How Special Collections brings archives to life
Our Special Collections department contributes research work and support that results in course curricula, manuscripts and books, articles, films, and much more.
Even podcasts.
In October 2019, Canadian podcaster Adam Huggins traveled to Tucson to do some research at Special Collections. He was producing a four-part podcast series about Jim Corbett, one of the leaders of the Sanctuary Movement of the 1980s.
Huggins worked with Assistant Librarian and Archivist Trent Purdy and Archival Assistant Amanda Howard to consult the Sanctuary Trial papers and the Miriam Davidson papers for his project.

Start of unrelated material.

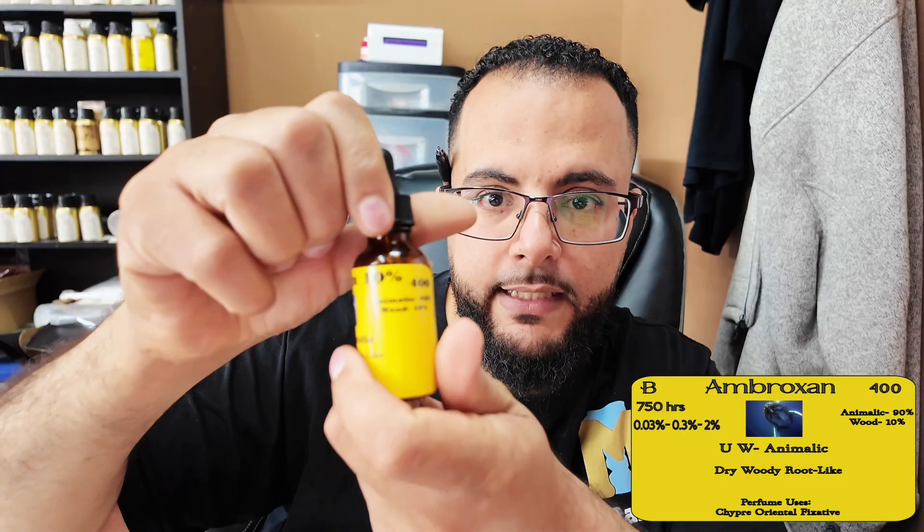Ambroxan is a beautiful note to add to perfumery. You don't need that much. If you use the crystal form, the crystal form is going to be a little bit stronger. We dilute ours to about a 10% dilution — it's easier to work with that way in the perfumes. Other people will take the powder and heat it up with the other ingredients to use it straight at 100% strength.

Trent and Amanda put a lot of work and time─about 18 months─into digitizing materials from Davidson’s interviews with Corbett, John Fife, Lupe Castillo and others to make them publicly accessible.
Several of these archival interviews now comprise a new collection and were incorporated throughout Huggins’ series, Goatwalker, for the podcast Future Ecologies.

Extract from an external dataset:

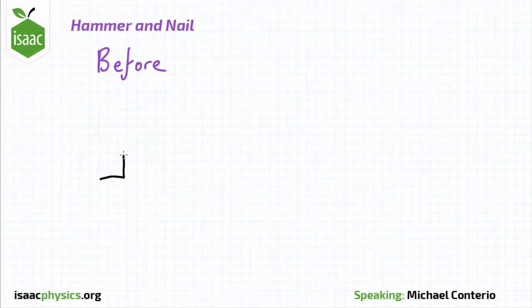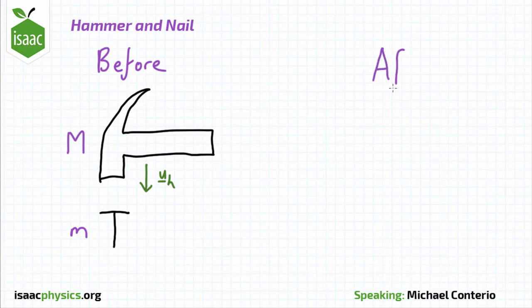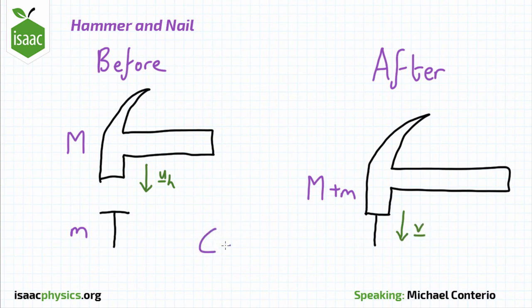In this question, you start with the hammer of mass M moving downwards with a speed u towards a nail of mass m. Afterwards, you have the hammer and the nail moving together with a total mass of M plus m, both moving at the same speed v. You have to conserve momentum between these two situations to get the answer for the speed that they move.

One segment, Goatwalker: Sanctuary (Part 2), highlights how Corbett, a philosopher-turned-rancher, led a national movement to enact U.S. immigration law at the grassroots level.
Trent and Amanda have been invited to the Oral History Society virtual conference 2021 in July to talk about this project and how recordings are used by multiple media producers and journalists. The Oral History Society is based in the United Kingdom.
In case you're wondering, Jim Corbett wrote a book in 1991 titled, Goatwalking.
Jim Corbett headshot by Sterling Vinson: Jim Corbett Collection, courtesy of University of Arizona Libraries, Special Collections
Chicago Tribune Magazine cover: Miriam Davidson Papers, courtesy of University of Arizona Libraries, Special Collections
More information
Goatwalker: Sanctuary (Part 2)
By Adam Huggins
In the early 1980s, the outbreak of civil war across Central America forced unprecedented numbers of refugees to seek asylum in the United States, putting the recently passed 'Refugee Act' of 1980 to the test. There was just one catch: the Reagan Administration was providing funding to right-wing governments that most of these refugees were fleeing. As a result, Central American refugees making the dangerous journey to the U.S.-Mexico borderlands were being intercepted, denied asylum, and summarily deported.
As this crisis unfolded, a ragtag group of self-proclaimed 'goatherds errant', led by philosopher-turned-rancher Jim Corbett, took it upon themselves to enact U.S. immigration law at the grassroots level. In so doing, they sparked a national movement that continues to the present day, turning the concept of 'civil disobedience' upside-down.